03.02.2020 - 10:56 Uhr
Sulzbach-RosenbergOberpfalz

Bund Naturschutz und Kultopf zeigen "The True Cost"

Ein Film im Capitol? Keine besondere Sache in einem ehemaligen Kino? Diesmal schon, den was da in 90 Minuten über die Leinwand ging, zeigte schonungslos und schockierend die Folgen überzogenen Konsums für Menschen und unseren Planeten auf.

Im Film "The True Cost" geht es vor allem um Kleidung, die Menschen, die sie herstellen und die Auswirkungen industrieller Produktion auf die Umwelt.
von Helga KammProfil

"The Trust Cost" hieß der Film, zu dem der Bund Naturschutz und der Verein Kultopf eingeladen hatten. Es ging bei diesem "Preis der Mode" um Kleidung, um die Menschen, die sie zu brutalen Bedingungen in Entwicklungsländern herstellen und die Auswirkungen der industriellen Produktion.

"So wie wir jetzt wirtschaften, können wir nicht weitermachen", mahnte eingangs Peter Zahn, der Kreisvorsitzende des Bundes Naturschutz. Die Wende bei der Energie, beim Verkehr und in der Landwirtschaft könne nur gelingen, "wenn die Leute mitmachen", also ihr Verhalten auf den Prüfstand stellten.

Die eingestürzte Nähfabrik Rana-Plaza 2013 in Dhaka mit 1129 Toten ist das Paradebeispiel für Ausbeuterbetriebe in aller Welt - eine habgierige Industrie, die weder sichere Arbeitsplätze noch einen gerechten Lohn bietet und Menschenrechte missachtet. "Sie haben wenigstens einen Job und Möglichkeiten zur Weiterentwicklung", verteidigen westliche Manager diese Verhältnisse, aber eine Näherin fordert unter Tränen: "Ich möchte, dass niemand etwas bekommt, was mit unserem Blut hergestellt ist."

Daneben kommen Aktivisten zu Wort, die den Kapitalismus verantwortlich machen für die Ausbeutung der Menschen in der dritten Welt, für die gesundheitlichen Folgen und die Massenverelendung. "Materialismus und das Streben nach Besitz macht die Menschen unglücklich und krank", sagen sie, und: "Es gibt Grenzen, was die Welt ertragen kann, und die sind zweifellos überschritten".

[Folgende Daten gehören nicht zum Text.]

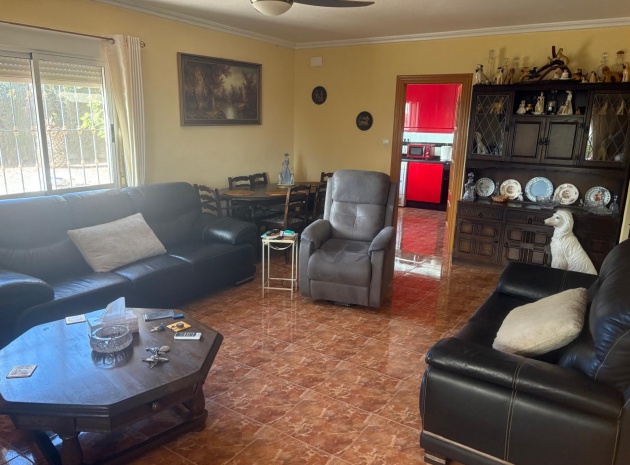 Wederverkoop - Villa - Albatera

Dabei geht es nicht nur um die Wegwerf-Mode, die Shirts für fünf Euro und Jeans für einen Zwanziger. Es geht um die Chemikalien und Pestizide auf Baumwollfeldern in den USA; um die Gerbereien, die ihr kontaminiertes Schmutzwasser in den Ganges und andere Flüsse leiten, es geht um Hautkrankheiten, Gelbsucht, Krebs, um zahllose Behinderungen an Körper und Geist. Näherinnen sprechen, die ihre Kinder im Dorf lassen müssen, um in der Fabrik zu arbeiten, die verprügelt werden, wenn sie gerechteren Lohn fordern, aber auch ihre Chefs, die massiv unter Druck gesetzt werden. Billiger und immer noch billiger müssen sie produzieren, fordern die westlichen Auftraggeber, weil es noch genug andere gibt, die ausgebeutet werden können. Daneben die Bilder von Modenschauen in europäischen Großstädten, von Shopping-Orgien am "Black Friday", von krasser Werbung, der Hinweis auf Produktionswege über Kontinente hinweg.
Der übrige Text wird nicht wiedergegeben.